No advice is ever new. It’s all been said before and probably many times. When she was growing up, my mom jokingly numbered her dad’s talks. He would sigh deep and launch into a lesson on life and she would say, “Oh, is this #642?” Because, of course, she’d heard them all (hasn’t every teenager?).
Yesterday, I needed to hear a repeat. I don’t know what number lesson it is, but it’s the one I need almost every day and especially on this day. A couple cases were just stretching my heart to breaking. I found myself thinking up ways I could make things easier for the kids and for the parents and for the transitions. But, it’s just all so messy.
Broken relationships, broken trust, broken love, broken houses. Brokenness can never stay as is without someone suffering payment.
When things break, someone has to pay.
I don’t have to tell you about the brokenness. You see it, too. Your best friend, co-worker, dad, brother, cousin, neighbor, step-sister… you are familiar with brokenness and you know its high cost.
I had about an hour after a meeting yesterday and before my nightly rounds began. After work ended, I would have another very difficult personal conversation about brokenness. In the middle of work and personal messes, I needed to remember that messes are well beyond my power to fix them.
I am not the fixer.
The very best way I can respond when messes make their way to my door or crawl out of my own heart is to seek the Lord.

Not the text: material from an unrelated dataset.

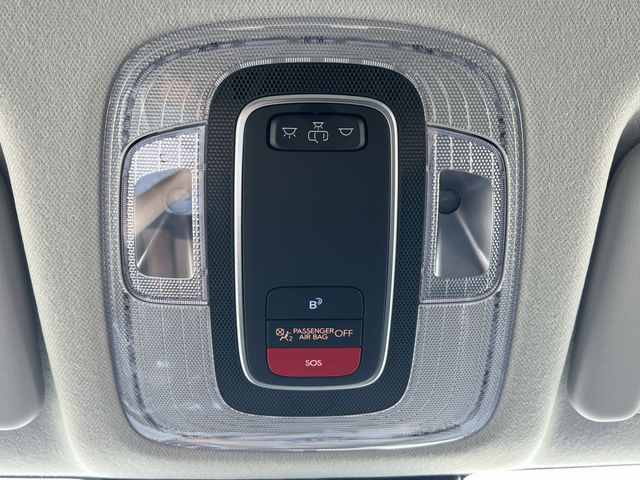 Used 2026 White Hyundai SEL Premium image 30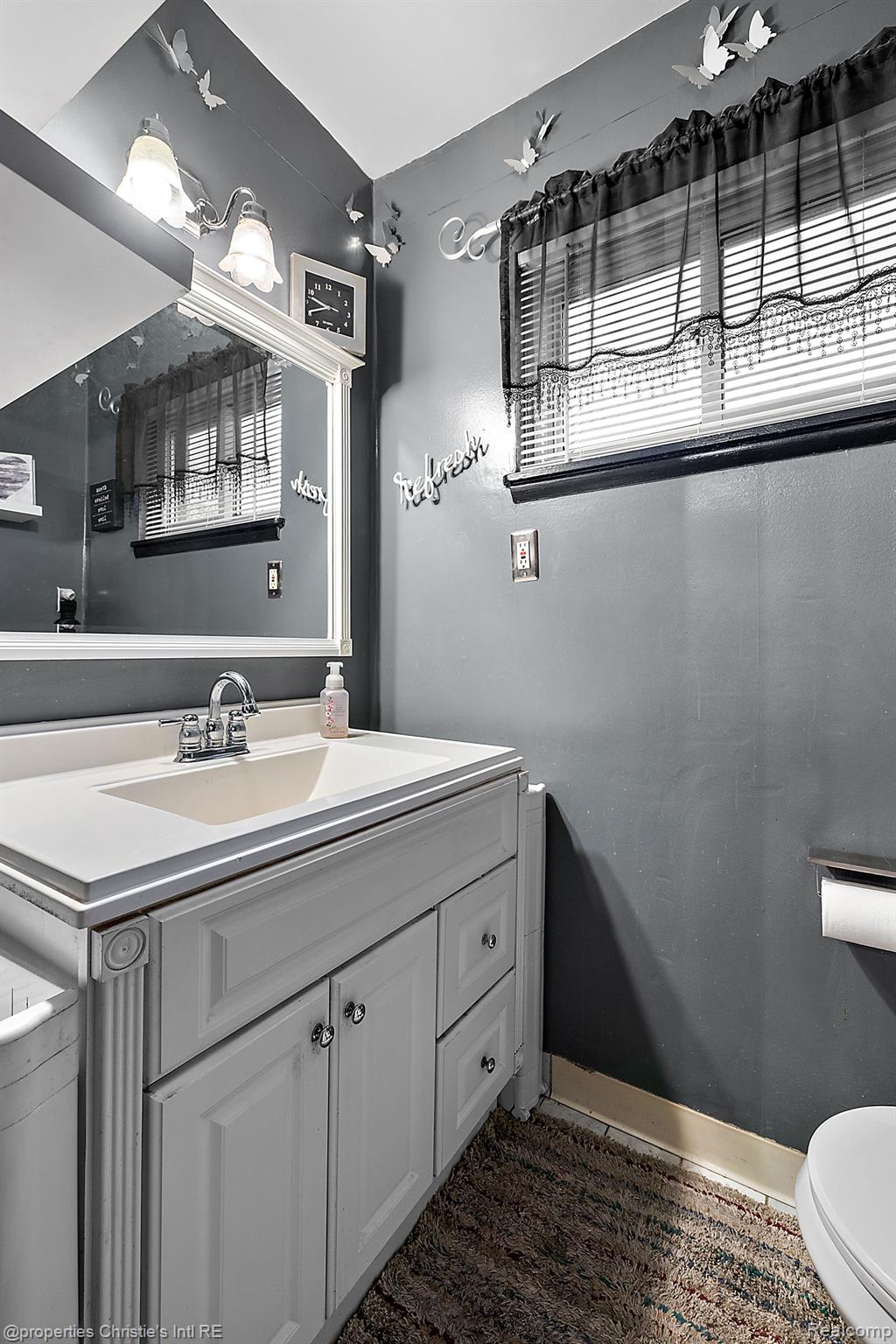 18495 STEPHENS Drive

So, I sat with my computer in my lap and read this little devotional from Solid Joys on Ephesians 2:8, “For by grace you have been saved through faith.” I needed to hear the lesson on faith because it rightly positions my heart to seek sufficiency where it can be found. It doesn’t matter how many times I’ve heard it before, my heart needed to hear it again.
Because I am not the fixer. I don’t have the tools or the expertise. I don’t have the right words or the right timing. I don’t have the power to mend brokenness or pay for its destruction. I don’t have access to that kind of bounty.

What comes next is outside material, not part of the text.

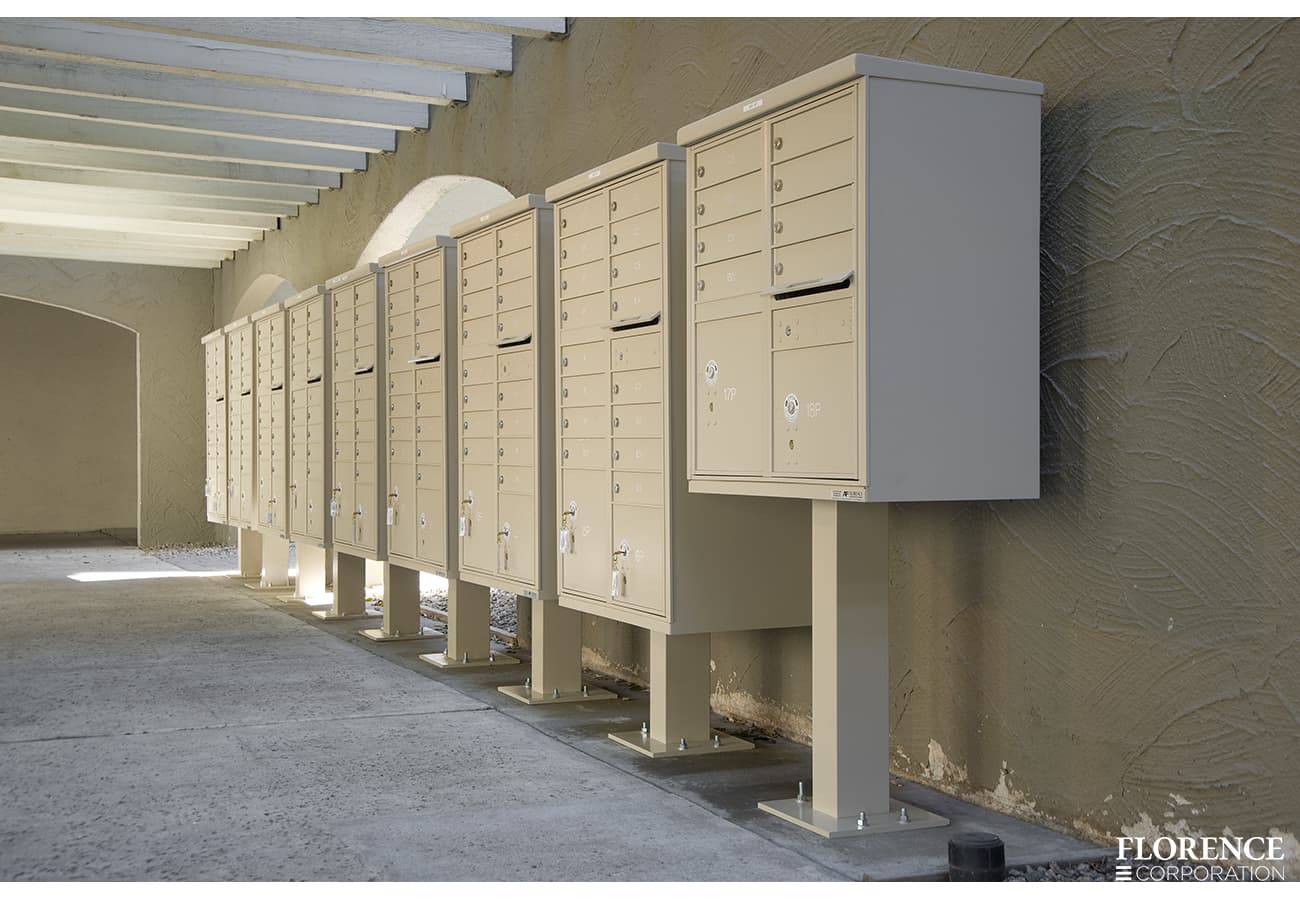 Cluster mailboxes in Arcadia Del Sol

Faith is the act of our soul that turns away from our own insufficiency to the free and all-sufficient resources of God. Faith focuses on the freedom of God to dispense grace to the unworthy. It banks on the bounty of God. (John Piper, Future Grace p. 182-183)
Oh, but I love my Jesus!
In faith, I can believe that He is the same grace-giver today that He was yesterday, the same sufficient provider and the same bondage breaker. His resources never end. All the cost of brokenness that ever was does not exceed the payment of the cross. But He does not just make payment for all the ways we’ve been in wrong relationship with God and man, He restores us and renews us and revives us once again. The broken are mended and made new in Christ.
By His grace, we believe He is capable of this kind of miraculous mending. As often as I hear the lesson, I cling to the grace that allows my belief. Yesterday, I needed to hear a repeat.
And do you know what He did?
As I made a mess of nightly rounds, a colleague asked me, “You seem different, peaceful. You kinda strike me as the tree-hugger type…”
I didn’t really know what to do with that, but it felt like he was making a compliment. He backtracked and danced around political correctness (ah, government workers), but I kind of giggled, “Well, I’m not exactly a tree-hugger, but I do feel at peace.”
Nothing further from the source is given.